Under the old writing desk — half-hidden by the shadows — one of her mother's letters lay abandoned, the ribbon untied, pages curling at the edges.
Aria's foot shifted toward it without thinking.
A sharp intake of breath at her left made her pause.
Selene. Watching her.
Not now.
Not with wolves circling.
Aria forced herself to turn away, locking her arms behind her back as if she'd never seen the letter at all.
They carried Vincent down the hall, the heavy, shuffling sounds of retreat echoing against stone and silence.
Aria didn't move.
Isabelle finally tore her gaze from the stretcher, her expression snapping back into something brittle and composed.
"Aria," she said, voice oiled with false concern. "You should rest.
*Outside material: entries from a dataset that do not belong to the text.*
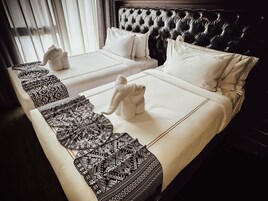 A hotel room with two beds, each with a white bedspread and matching pillows. There are two towels placed on each bed. The room has a dark headboard and a window with curtains.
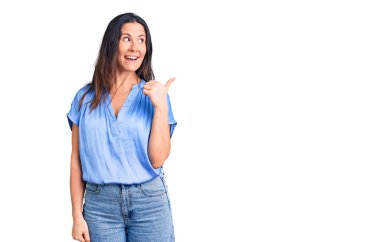 Genç, güzel, esmer, sıradan tişörtler giyen mutlu yüzüyle gülümseyen ve baş parmağıyla yüzünü gösteren bir kadın.. 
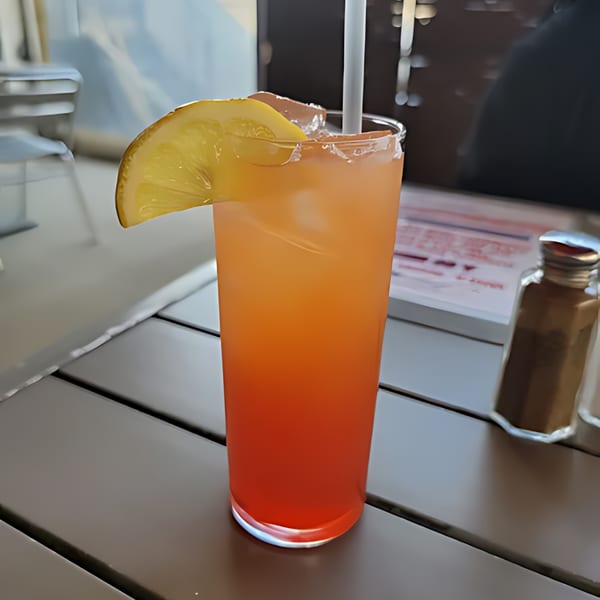 A tall glass of orange and red layered drink with ice, a straw, and a lemon slice.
There's nothing more you can do."
The words twisted inside Aria like a blade.
She smiled — small, tight, humorless.
"On the contrary," she said quietly.
"This is only the beginning."
Without waiting for a reply, Aria stepped around them all, back straight, movements unhurried.
She heard Juliet's soft intake of breath.
Selene's hissed whisper.
Isabelle's sharp turn of heels.
Let them talk. Let them panic.
"Vincent was falling.
And once he was gone, there would be no shield left between her and the wolves."
Aria didn't return to her room immediately.
Instead, she found herself back at the threshold of Marie's door, staring into the half-lit emptiness.
The fireplace was nearly dead now. Only a few stubborn embers clung to life, throwing long, broken shadows across the worn floor.
She stepped inside.
Each footfall was measured. Soft.
The air smelled like old paper, smoke, and something bitter — regret, maybe.
The letters remained where they had fallen.
Slowly, Aria crouched and gathered them.
Not with trembling fingers.
Not with hesitation.
With precision.
One by one, she placed them back into the drawer they came from — locking them away for now.
Not because she didn't want answers.
But because the battle had changed.
The war wasn't over paper anymore.
It was about power.
It was about survival.
And if Vincent died — if he left her alone among the wolves — she needed to be ready.
No mistakes.
No mercy.
Back in her room, Aria stripped off her jacket with mechanical motions.
The mirror caught her reflection — shoulders drawn tight, mouth a hard, unyielding line, eyes darker than she remembered.
Not the scared girl who once begged for scraps of love.
Not the obedient daughter who thought she could earn her place.
This time, she knew better.
They would smile in public.
They would whisper in corners.
They would move behind closed doors.
But so would she.
And she would strike first.
Somewhere beyond the estate gates, the sirens finally howled.
The ambulance.
Too late.
Maybe.
Maybe not.
Aria didn't flinch at the sound.
She stood at the window, watching the gray light break across Lyon's skyline — cold and sharp as the blade she would now have to wield.
This time, she wasn't playing defense.
This time, she was writing the end of their story.